Since multi-core systems end up tasking multiple cores with calculations that require the same data set, the data remains stranded with one or the other cores during the course of the calculation. In other words, as long as the data was required by one core, it wouldn’t be deleted from the memory. When a core starts work on the data, it sets a central (available to other cores) counter up, and when it finishes its task on the data, it sets the counter down. The counter keeps realtime record of which cores are using the data, and when the counter resets itself to zero, the OS then deletes the data, and frees up the processor memory for other tasks.
All this is fine when the number of cores is not too large. As one keeps increasing the number of cores however, what happens is that the data gets split into ever smaller portions. This results in the cores “spending so much time ratcheting the counter up and down that they weren’t getting nearly enough work done.”
All they had to then, was to rewrite the Linux code slightly, instructing each core to keep a local count that was only periodically synchronized with the central reference counter, resulting in much improved overall performance.

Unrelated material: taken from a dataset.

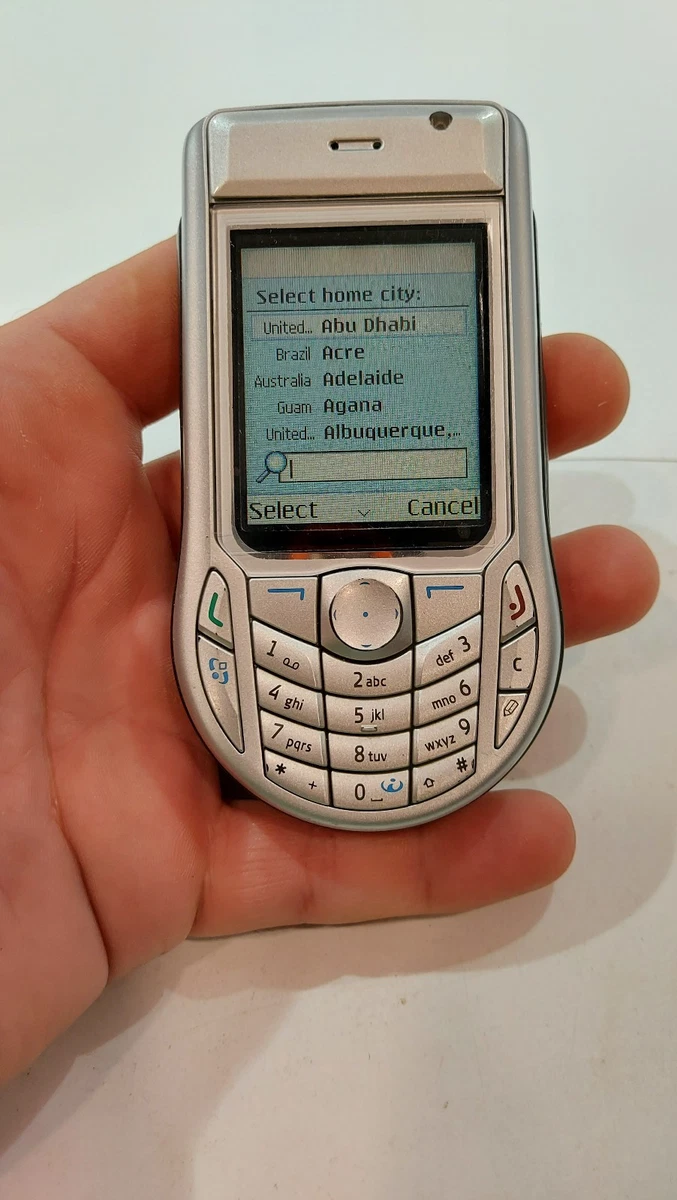 Nokia 6630 for sale | eBay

Frans Kaashoek of MIT was quick to defend the progress that today’s multi-core processors and their instruction sets have made, saying: “The fact that that is the major scalability problem suggests that a lot of things already have been fixed. You could imagine much more important things to be problems, and they’re not. You’re down to simple reference counts.”
Kaashoek was also quick to point out that MIT’s fixes aren’t necessarily going to be the ones that will be adopted by the Linux community, and that it is more than capable of managing the same itself, as the fixes themselves were not so difficult. Instead, he emphasized that identifying the problem itself was the hardest part, and now “there’s a bunch of interesting research to be done on building better tools to help programmers pinpoint where the problem is. We have written a lot of little tools to help us figure out what’s going on, but we’d like to make that process much more automated.”

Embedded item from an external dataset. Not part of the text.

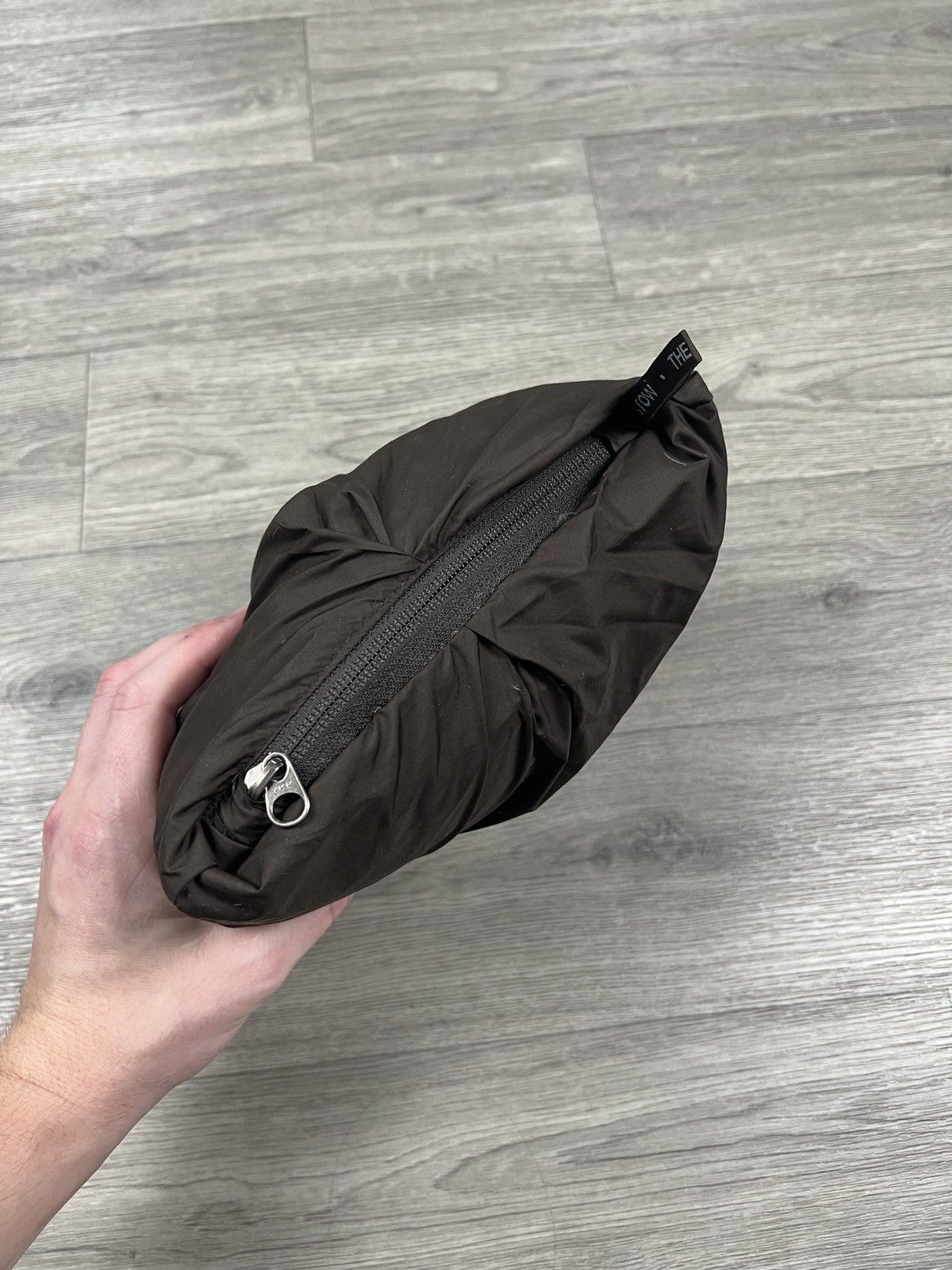 The North Face The North Face 700 Womens Nuptse Classic Vest Brunette Brown Size S / US 4 / IT 40 - 14 Thumbnail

Remzi Arpaci-Dusseau, a professor of computer science at the University of Wisconsin, lauded MIT’s paper as the “first to systematically address” the multi-core scalability question. He went on to say that in the future, once the number of cores on a chip become "significantly beyond 48," new architectures and operating systems may have to be designed to address the issue. For now at least, or the near future (“next five, eight years”), MIT’s solutions will greatly help scale performance alongside multi-core development. He stressed that the “software techniques or hardware techniques or both” used to identify such multi-core problems will soon become a “rich new area” of research.
MIT's paper will be presented on October 4 at the USENIX Symposium on Operating Systems Design and Implementation in Toronto.